Surabaya 20 Januari 2014
Futri Z. Darojat

Minggu, 19 Januari 2014

Hati untuk Dia


Jangan letakkan hati pada dia, tapi pada Dia
Kita tidak bisa meramal takdir, itu sudah cukup menjadi alasan menariknya menjadi manusia. Benar kata Azhar, Tuhan Maha Romantis. Entah berapa banyak bingkisan yang Ia siapkan untuk mengejutkan kita besok. Unpredictable, that’s why life so fabulous.
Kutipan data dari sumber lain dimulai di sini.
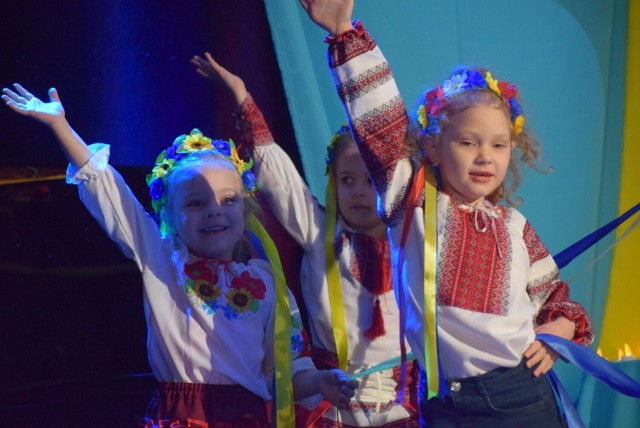 Wzruszający koncert w Teatrze Miejskim w Sieradzu. Ukraińcy - Polakom. Będzie kalina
Bayangkan saja bila besok kau tahu akan kena tilang polisi, mungkin kau akan menghabiskan harimu seharian di atas kasur, dan kehidupan akan berjalan sangat membosankan. Atau sejak kita kecil kemarin, Mikail datang malam-malam memberi tahu kita siapa jodoh kita ketika dewasa nanti. Ini lebih tidak seru dari sinetron ratusan episode.
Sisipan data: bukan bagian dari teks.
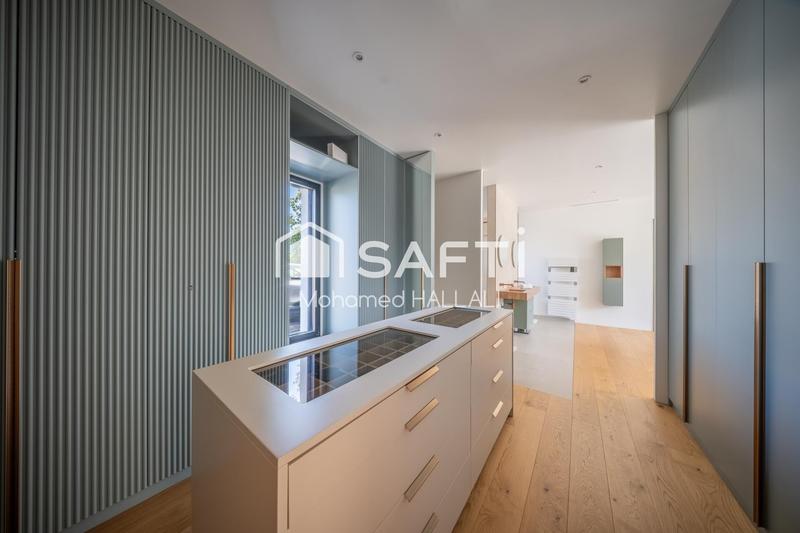 Maison - 240 m² - 6 pièces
Tapi ketidakberdayaan meramal masa depan ini, membuat kita mungkin terjatuh, terjungkal, atau terkena serangan jantung karena terkejut. Pasalnya, kita memang tidak bisa menebak medan seperti apa di hadapan kita nanti. Itulah salah satu alasan mengapa Allah menciptakan kita, biar kita hanya berpegang padaNya. Agar kita tak terlalu bergantung pada makhluk. Agar kita lebih meletakkan hati pada Dia, bukan pada dia.